Tiré de Courrier international.
C’est un texte ratifié en grande pompe dans un Soudan marqué depuis deux ans par des manifestations hebdomadaires contre la junte militaire au pouvoir. Plus de 40 partis, mouvements et groupes professionnels ont en effet signé à Khartoum, ce 5 décembre, un “accord-cadre politique” avec la junte militaire, rapporte Dabanga Sudan.
Du côté de la junte au pouvoir, rapporte l’agence soudanaise Suna, l’accord a été signé par le “président du Conseil de souveraineté transitoire et commandant général des forces armées, le général Abdel Fattah Al-Burhan, et le commandant des forces de soutien rapide, le général Mohamed Hamdan Daglo”. Autrement dit, par les deux hommes forts du pouvoir militaire soudanais.
Selon le site d’information soudanais, cet accord surprise prévoit “une pleine autorité civile à tous les niveaux” et “un Conseil de sécurité et de défense” dirigé par un Premier ministre. Cette feuille de route stipule également que “le Soudan est un État civil, démocratique, fédéral et parlementaire dans lequel la souveraineté appartient au peuple”. Il est également prévu un “transfert pacifique du pouvoir grâce à des élections libres et équitables”.
Un accord incomplet
Malgré l’optimisme affiché par les signataires, des questions importantes telles que la justice transitionnelle et la réforme du secteur de la sécurité doivent encore être résolues dans la deuxième phase de l’accord-cadre. Ces points “litigieux” devraient être discutés et résolus à la fin de décembre.

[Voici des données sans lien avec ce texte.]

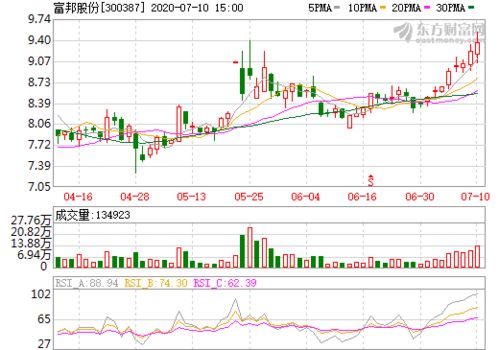 富邦股份今日行情价格,富邦股份（300387）今日行情价格分析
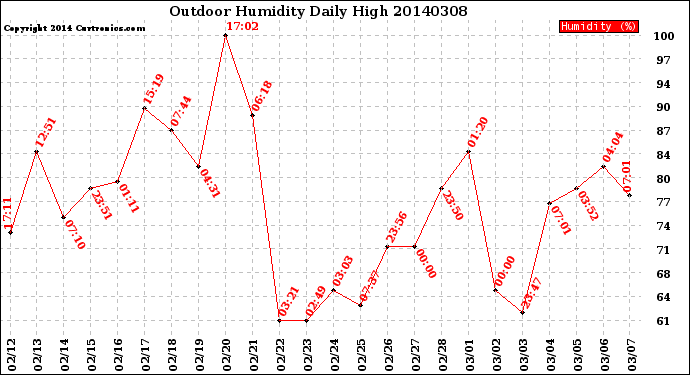 Milwaukee Weather Outdoor Humidity<br>Daily High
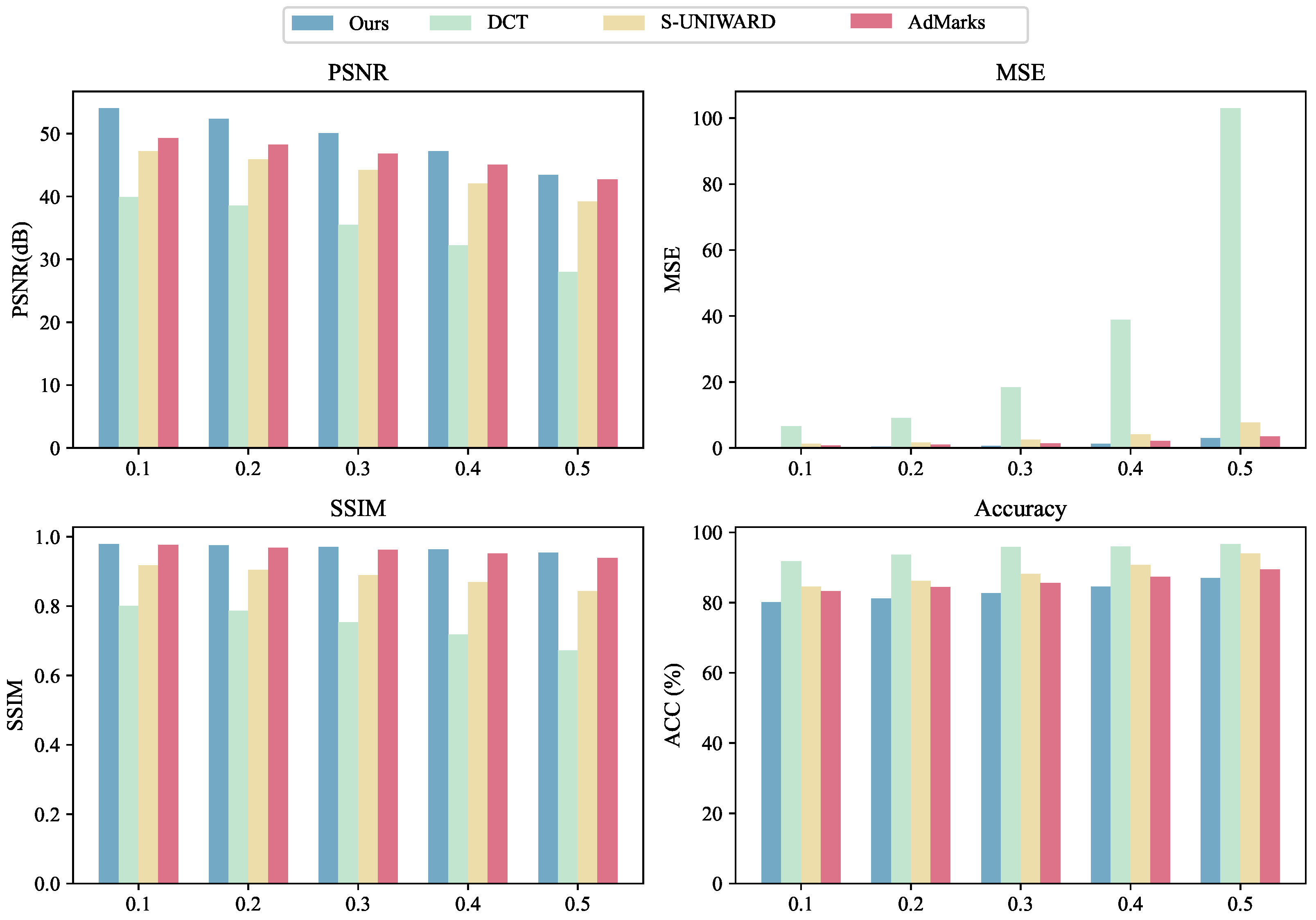 Mathematics 13 03150 g005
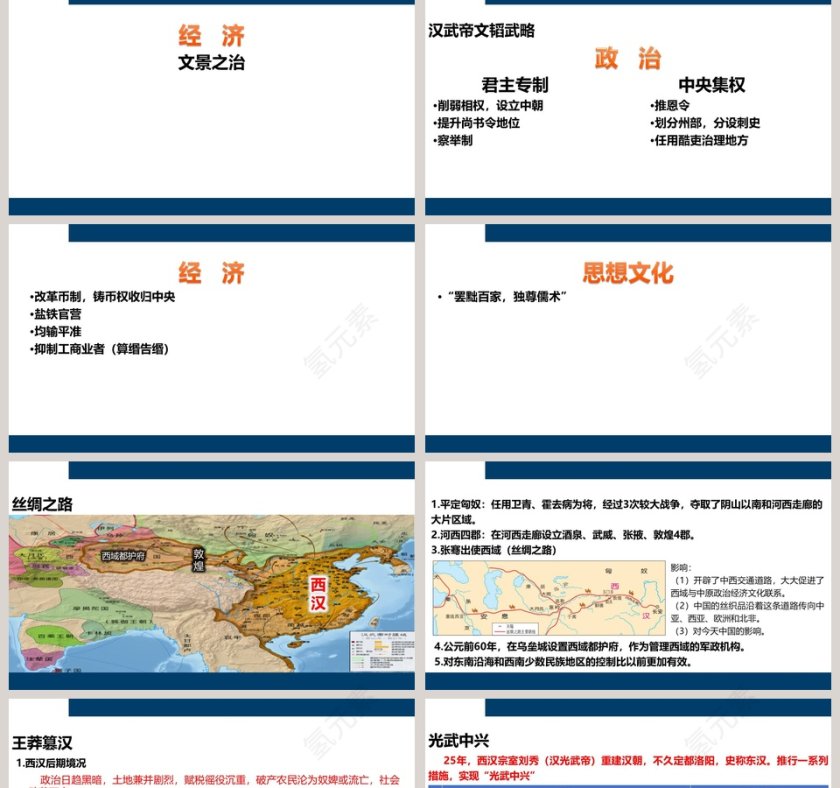 西汉与东汉-统一多民族封建国家的巩固教学ppt课件第2张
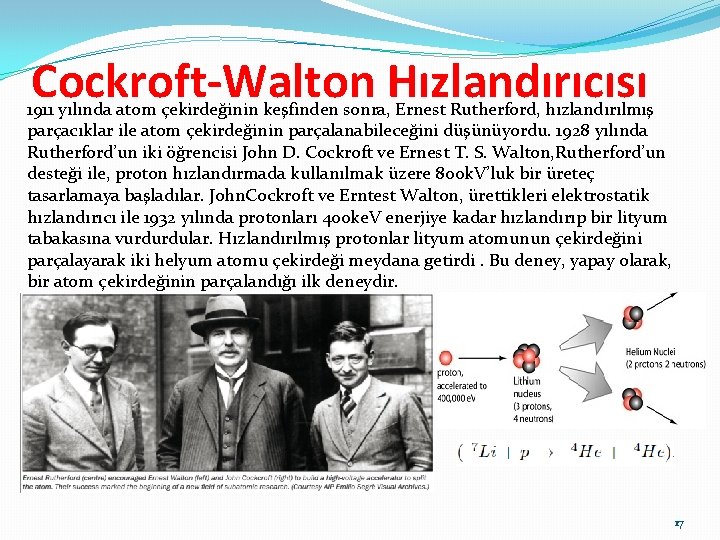 Cockroft-Walton Hızlandırıcısı 1911 yılında atom çekirdeğinin keşfinden sonra, Ernest Rutherford, hızlandırılmış parçacıklar ile atom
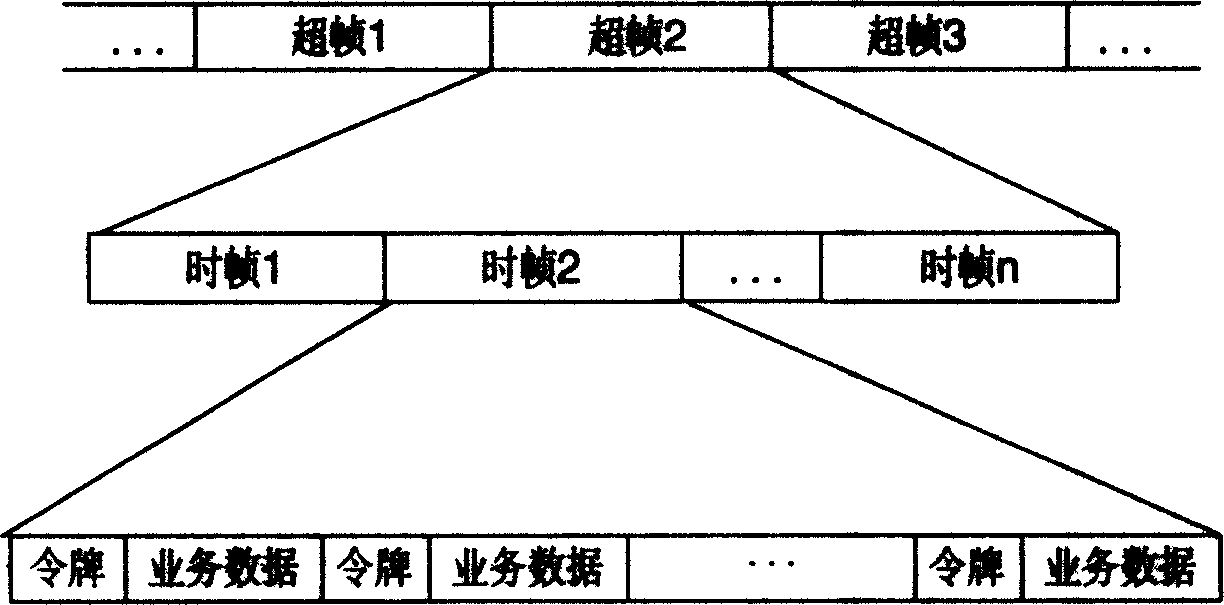 Token transfer and manage method for Ad Hoc network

Sitôt signé, l’accord a été salué par l’Organisation des Nations unies (ONU), qui y voit le moyen d’établir une nouvelle Constitution. Le secrétaire général des Nations unies, António Guterres, a déclaré qu’il espérait que la signature “ouvre la voie au retour à une transition dirigée par des civils dans le pays”. Il a ajouté que l’ONU restait “déterminée à soutenir le processus à venir”.
De son côté, rapporte Dabanga Sudan dans un autre article, Volker Perthes, chef de la Mission intégrée des Nations unies pour l’assistance à la transition au Soudan (MINUATS), a salué l’accord comme “l’aboutissement des efforts soutenus des parties prenantes soudanaises au cours de l’année écoulée pour trouver une solution à la crise politique et rétablir l’ordre constitutionnel, conformément aux exigences d’une transition civile vers les élections et la démocratie”.
Le refus des comités de résistance
Si cet accord vise, selon l’analyse d’Al-Jazeera, à mettre fin à l’impasse politique qui paralyse le pays depuis le coup d’État militaire du 25 octobre 2021, il n’en a pas moins rencontré des résistances dans la population civile.
Car, sitôt annoncé, l’accord a suscité le mécontentement des “comités de résistance”, qui ont organisé une marche de protestation pour condamner l’accord. Appelés aussi “comités de quartier”, ils sont devenus les acteurs centraux des mobilisations actuelles contre le coup d’État au Soudan et restent fermement opposés à tout accord avec les militaires.
Ces groupes, qui ont maintenu une pression civile sur la junte au pouvoir à travers des manifestations hebdomadaires, craignent que l’accord profite à l’armée et au puissant groupe paramilitaire des Forces de soutien rapide (FSR), qui ont tous deux dirigé le putsch, affirme Al-Jazeera. Autre crainte exprimée, celle que cet accord ne constitue qu’un moyen pour les militaires au pouvoir d’échapper à leurs responsabilités, notamment concernant les 120 personnes tuées lors des manifestations anti-coup d’État, affirment Al-Jazeera et Dubanga Sudan.
Le 5 décembre, rapporte Dabanga Sudan, les membres des comités de Khartoum ont marché jusqu’au Palais républicain, dans le centre de la capitale, pour protester contre la signature de l’accord-cadre avec la junte militaire. Les forces ont tiré des gaz lacrymogènes et des grenades assourdissantes sur les manifestants.